### DATA RECORDS

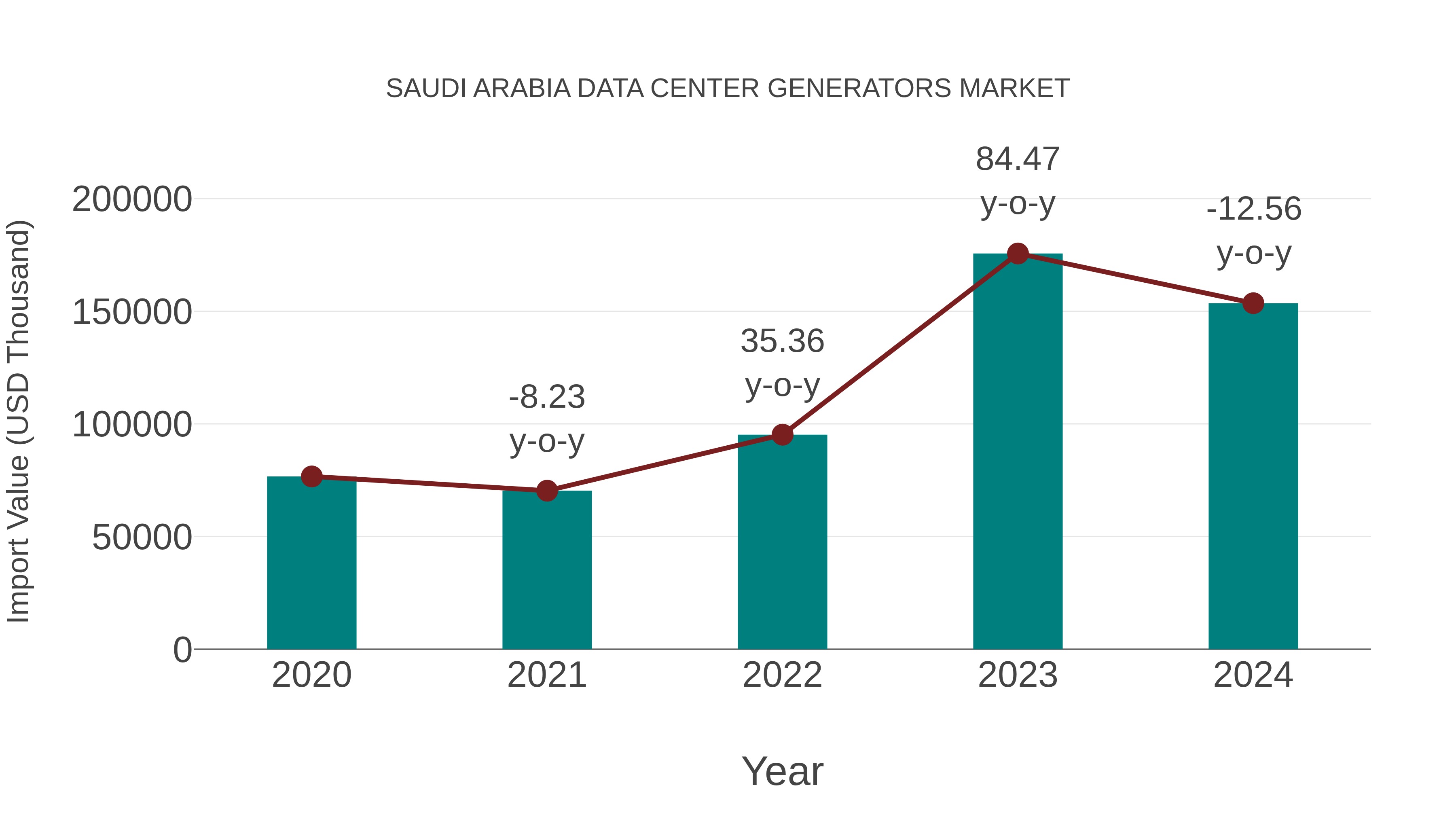 Saudi Arabia Data Center Generators Market: Import Trend Analysis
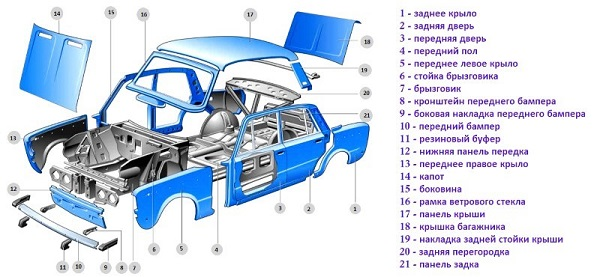Кузовной ремонт ВАЗ 2106 своими руками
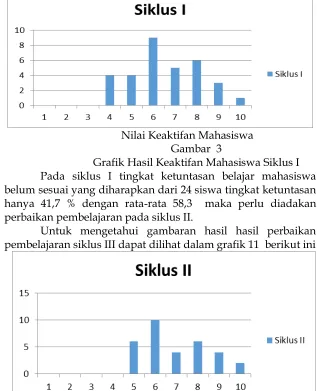 Gambar  4 Grafik Hasil Tes Formatif Siklus II 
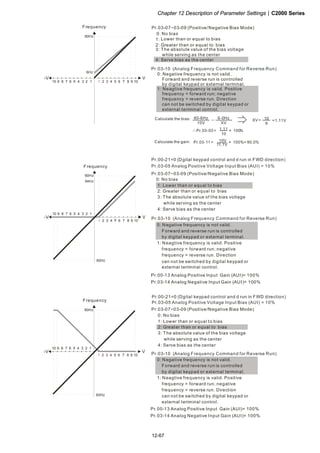 Chapter 12 Description of Parameter Settings|C2000 Series
12-67
1051 2 3 4 6 7 8 9
V
60Hz
10 6 1234579 8
-V
6Hz
Pr.03-07~03-09 (Positive/Negative Bias Mode)
Pr.03-10 (Analog Frequency Command for Reverse Run)
0: Negative frequency is not valid.
Forward and reverse run is controlled
by digital keypad or external terminal.
1: Neagtive frequency is valid. Positive
frequency = forward run; negative
frequency = reverse run. Direction
can not be switched by digital keypad or
external teriminal control.
0: No bias
1:
2: Greater than or equal to bias
3: The absolute value of the bias voltage
while serving as the center
4: Serve bias as the center
Lower than or equal to bias
Frequency
10V
11.1V
Pr.03-11 100%＝ × ＝90.0％
60-6Hz
10V
6-0Hz
XV
＝ XV＝ 10
9
＝1.11V
Pr.03-03 100＝ × ％1.11
10
Calculate the gain:
Calculate the bias:
1051 2 3 4 6 7 8 9
V
60Hz
54Hz
10 6 1234579 8
-V
60Hz
Frequency
Pr.03-07~03-09 (Positive/Negative Bias Mode)
Pr.03-10 (Analog Frequency Command for Reverse Run)
0: Negative frequency is not valid.
Forward and reverse run is controlled
by digital keypad or external terminal.
1: Neagtive frequency is valid. Positive
frequency = forward run; negative
frequency = reverse run. Direction
can not be switched by digital keypad or
external teriminal control.
0: No bias
1: Lower than or equal to bias
2: Greater than or equal to bias
3: The absolute value of the bias voltage
while serving as the center
4: Serve bias as the center
Pr.03-05 Analog Positive Voltage Input Bias (AUI) = 10%
Pr.03-14 Analog Negative Input Gain (AUI)= 100%
Pr.00-13 Analog Positive Input Gain (AUI)= 100%
Pr.00-21=0 (Dgital keypad control and d run in FWD direction)
1051 2 3 4 6 7 8 9
V
60Hz
10 6 1234579 8
-V
60Hz
Pr.03-07~03-09 (Positive/Negative Bias Mode)
Pr.03-10 (Analog Frequency Command for Reverse Run)
0: Negative frequency is not valid.
Forward and reverse run is controlled
by digital keypad or external terminal.
1: Neagtive frequency is valid. Positive
frequency = forward run; negative
frequency = reverse run. Direction
can not be switched by digital keypad or
external teriminal control.
0: No bias
1: Lower than or equal to bias
2: Greater than or equal to bias
3: The absolute value of the bias voltage
while serving as the center
4: Serve bias as the center
Frequency
Pr.03-14 Analog Negative Input Gain (AUI)= 100%
Pr.00-13 Analog Positive Input Gain (AUI)= 100%
Pr.03-05 Analog Positive Voltage Input Bias (AUI) = 10%
Pr.00-21=0 (Dgital keypad control and d run in FWD direction)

### WHAT YOU NEED TO DO
Without carrying over any pictures, retype the records above exactly.

### RESPONSE
 Saudi Arabia Data Center Generators Market: Import Trend Analysis
Кузовной ремонт ВАЗ 2106 своими руками
 Gambar  4 Grafik Hasil Tes Formatif Siklus II 
 Chapter 12 Description of Parameter Settings|C2000 Series
12-67
1051 2 3 4 6 7 8 9
V
60Hz
10 6 1234579 8
-V
6Hz
Pr.03-07~03-09 (Positive/Negative Bias Mode)
Pr.03-10 (Analog Frequency Command for Reverse Run)
0: Negative frequency is not valid.
Forward and reverse run is controlled
by digital keypad or external terminal.
1: Neagtive frequency is valid. Positive
frequency = forward run; negative
frequency = reverse run. Direction
can not be switched by digital keypad or
external teriminal control.
0: No bias
1:
2: Greater than or equal to bias
3: The absolute value of the bias voltage
while serving as the center
4: Serve bias as the center
Lower than or equal to bias
Frequency
10V
11.1V
Pr.03-11 100%＝ × ＝90.0％
60-6Hz
10V
6-0Hz
XV
＝ XV＝ 10
9
＝1.11V
Pr.03-03 100＝ × ％1.11
10
Calculate the gain:
Calculate the bias:
1051 2 3 4 6 7 8 9
V
60Hz
54Hz
10 6 1234579 8
-V
60Hz
Frequency
Pr.03-07~03-09 (Positive/Negative Bias Mode)
Pr.03-10 (Analog Frequency Command for Reverse Run)
0: Negative frequency is not valid.
Forward and reverse run is controlled
by digital keypad or external terminal.
1: Neagtive frequency is valid. Positive
frequency = forward run; negative
frequency = reverse run. Direction
can not be switched by digital keypad or
external teriminal control.
0: No bias
1: Lower than or equal to bias
2: Greater than or equal to bias
3: The absolute value of the bias voltage
while serving as the center
4: Serve bias as the center
Pr.03-05 Analog Positive Voltage Input Bias (AUI) = 10%
Pr.03-14 Analog Negative Input Gain (AUI)= 100%
Pr.00-13 Analog Positive Input Gain (AUI)= 100%
Pr.00-21=0 (Dgital keypad control and d run in FWD direction)
1051 2 3 4 6 7 8 9
V
60Hz
10 6 1234579 8
-V
60Hz
Pr.03-07~03-09 (Positive/Negative Bias Mode)
Pr.03-10 (Analog Frequency Command for Reverse Run)
0: Negative frequency is not valid.
Forward and reverse run is controlled
by digital keypad or external terminal.
1: Neagtive frequency is valid. Positive
frequency = forward run; negative
frequency = reverse run. Direction
can not be switched by digital keypad or
external teriminal control.
0: No bias
1: Lower than or equal to bias
2: Greater than or equal to bias
3: The absolute value of the bias voltage
while serving as the center
4: Serve bias as the center
Frequency
Pr.03-14 Analog Negative Input Gain (AUI)= 100%
Pr.00-13 Analog Positive Input Gain (AUI)= 100%
Pr.03-05 Analog Positive Voltage Input Bias (AUI) = 10%
Pr.00-21=0 (Dgital keypad control and d run in FWD direction)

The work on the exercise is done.